- [Instructions to follow] Every line of the listing below should be written out exactly, minus its images.
********************
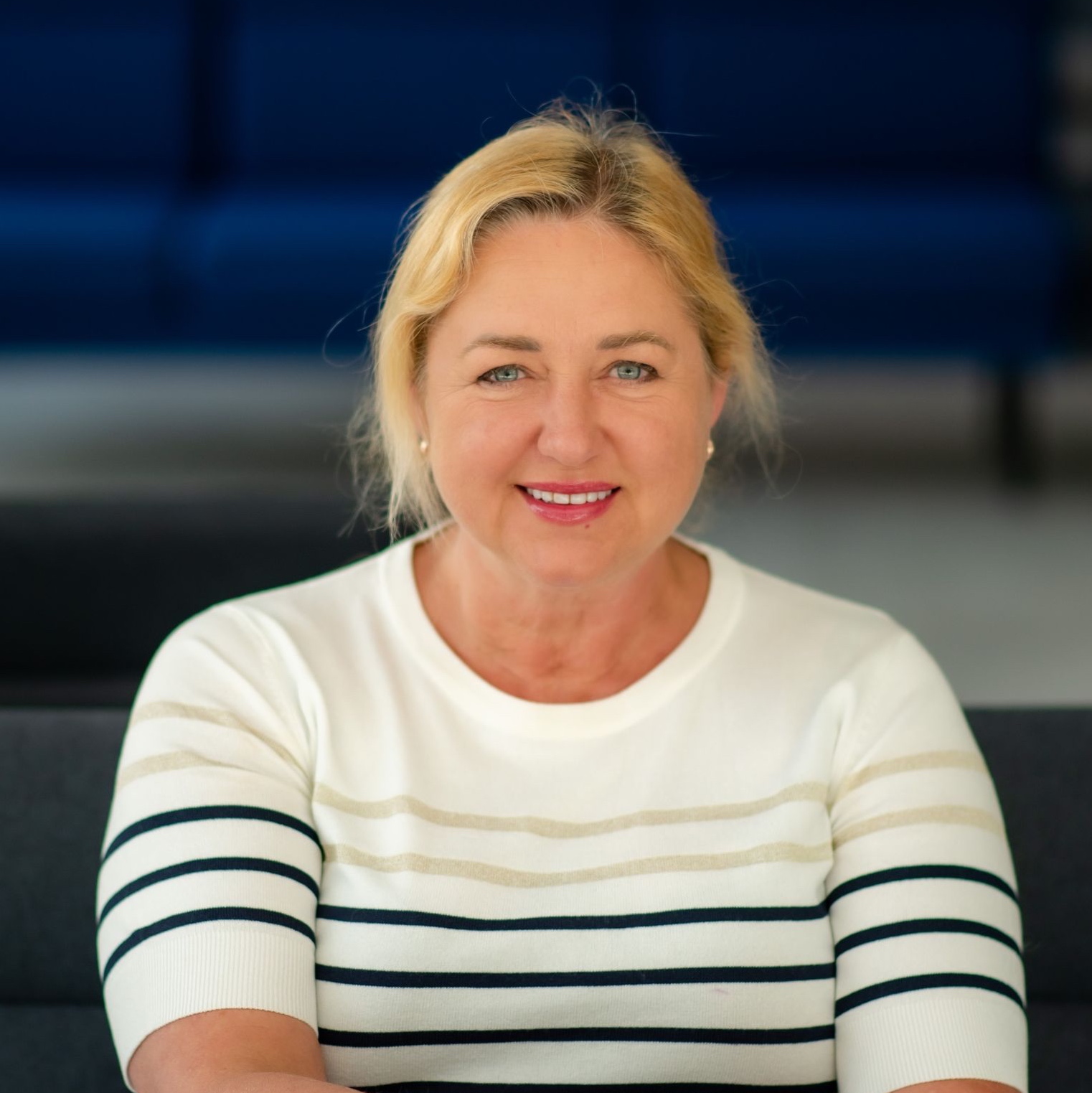 Dr. Vilma Makauskienė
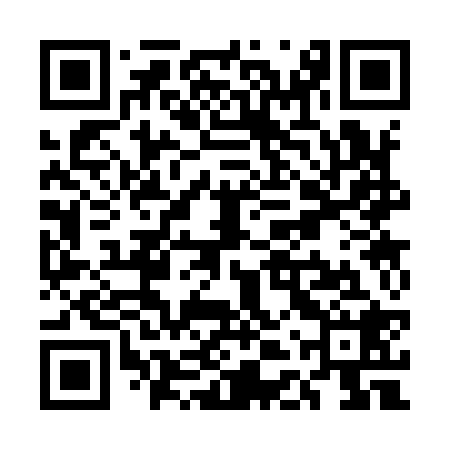 QR code for UDS928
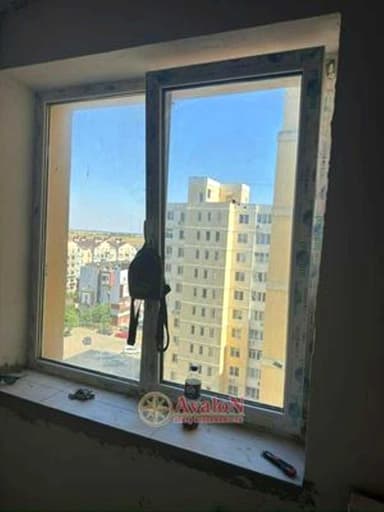 Коммерческая недвижимость по адресу (площадь 13 м²) - фото 19 Коммерческая недвижимость по адресу (площадь 13 м²) - Atlanta.ua - фото 19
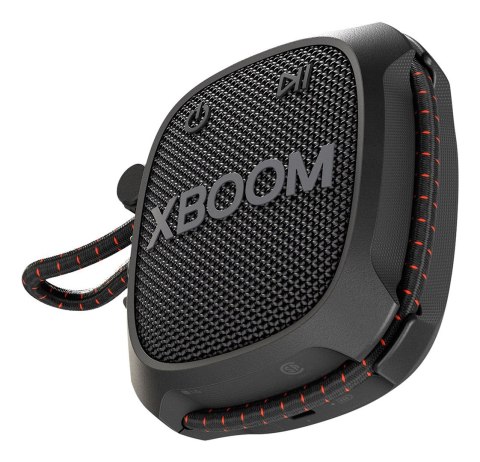 LG XBOOM Go XG2 Bluetooth Speaker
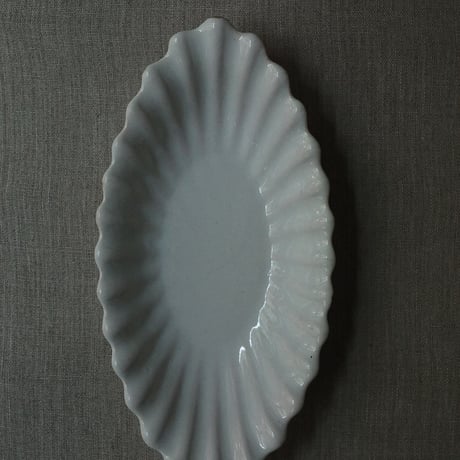 ムスティエ | STORES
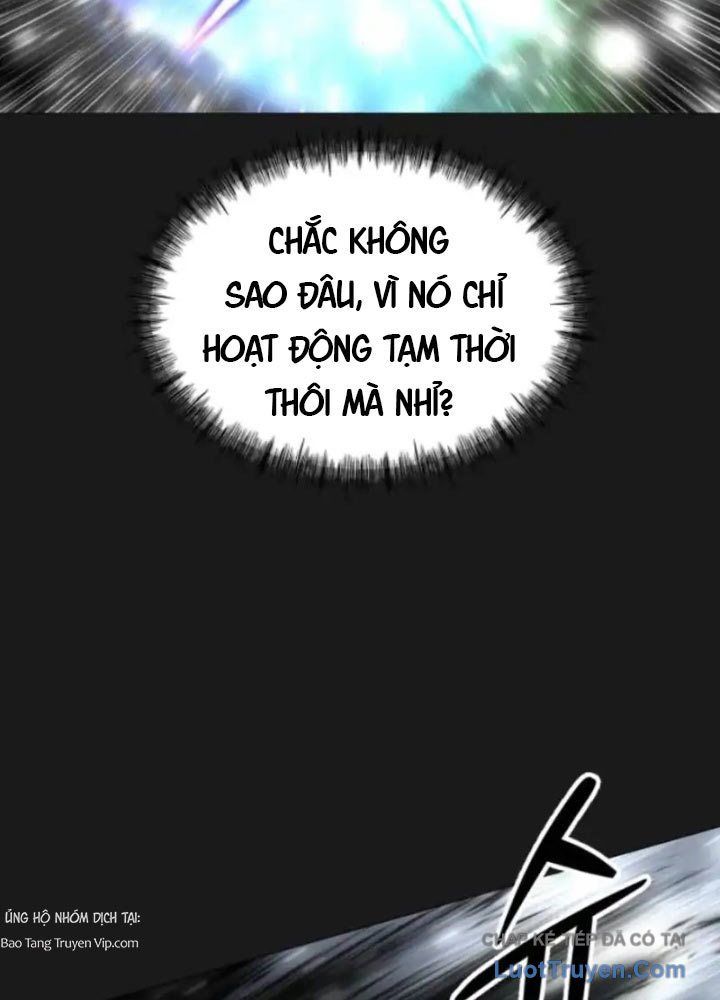 Phối Sắc Giả Chapter 9 - Trang 2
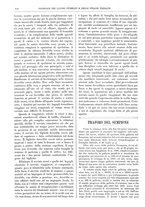 giornale/TO00185065/1899/unico/00000318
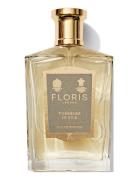 Floris London Tuberose In Silk Eau De Parfum Parfyme Eau De Parfum Nud...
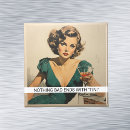 Search for martini quote Funny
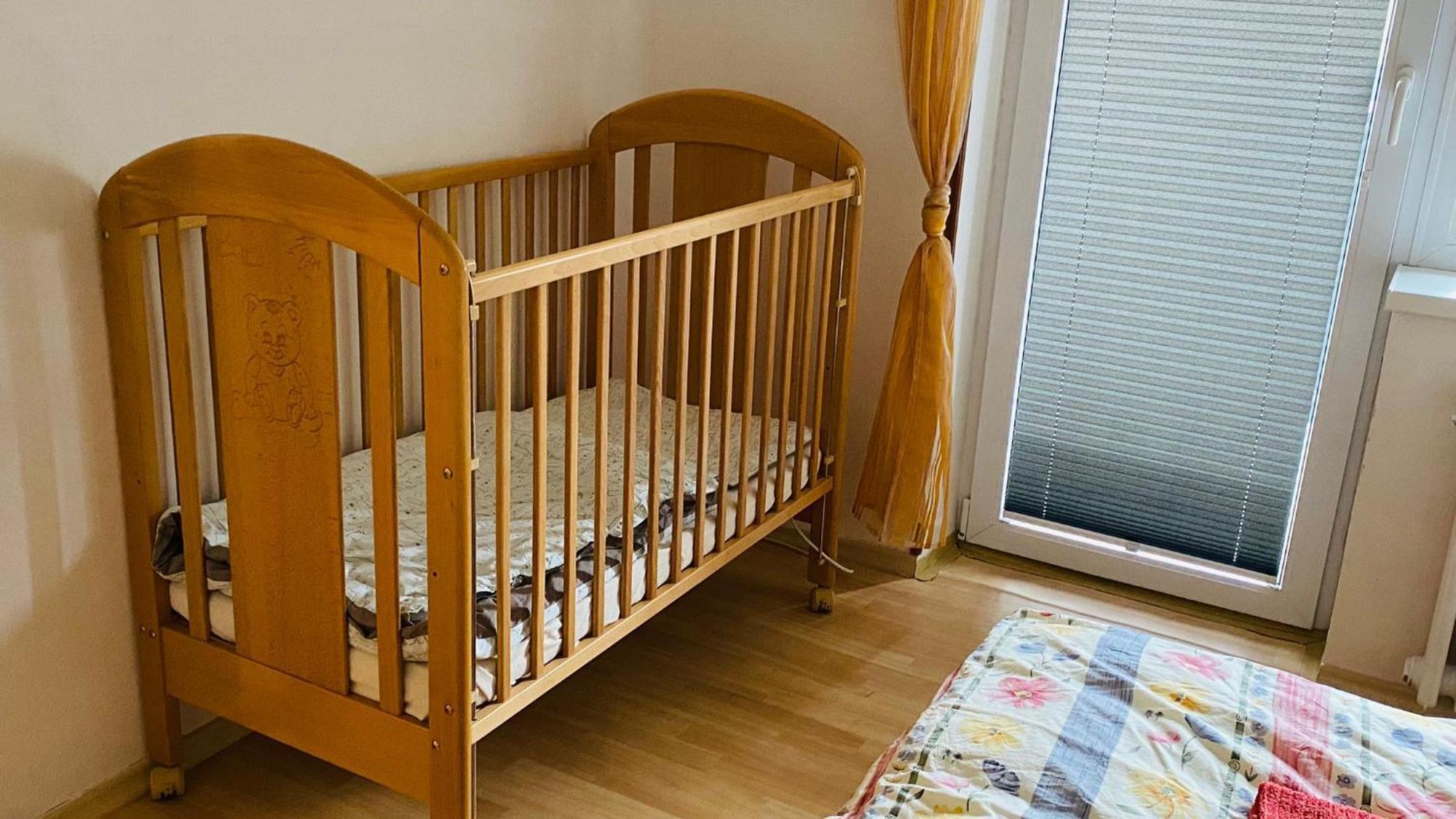Ubytovani V Sumavskem Podhuri Apartment Vlachovo Brezi Ngoại thất bức ảnh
********************
- [Answer]
 Dr. Vilma Makauskienė
 QR code for UDS928
 Коммерческая недвижимость по адресу (площадь 13 м²) - фото 19 Коммерческая недвижимость по адресу (площадь 13 м²) - Atlanta.ua - фото 19
 LG XBOOM Go XG2 Bluetooth Speaker
 ムスティエ | STORES
 Phối Sắc Giả Chapter 9 - Trang 2
 giornale/TO00185065/1899/unico/00000318
 Floris London Tuberose In Silk Eau De Parfum Parfyme Eau De Parfum Nud...
 Search for martini quote Funny
Ubytovani V Sumavskem Podhuri Apartment Vlachovo Brezi Ngoại thất bức ảnh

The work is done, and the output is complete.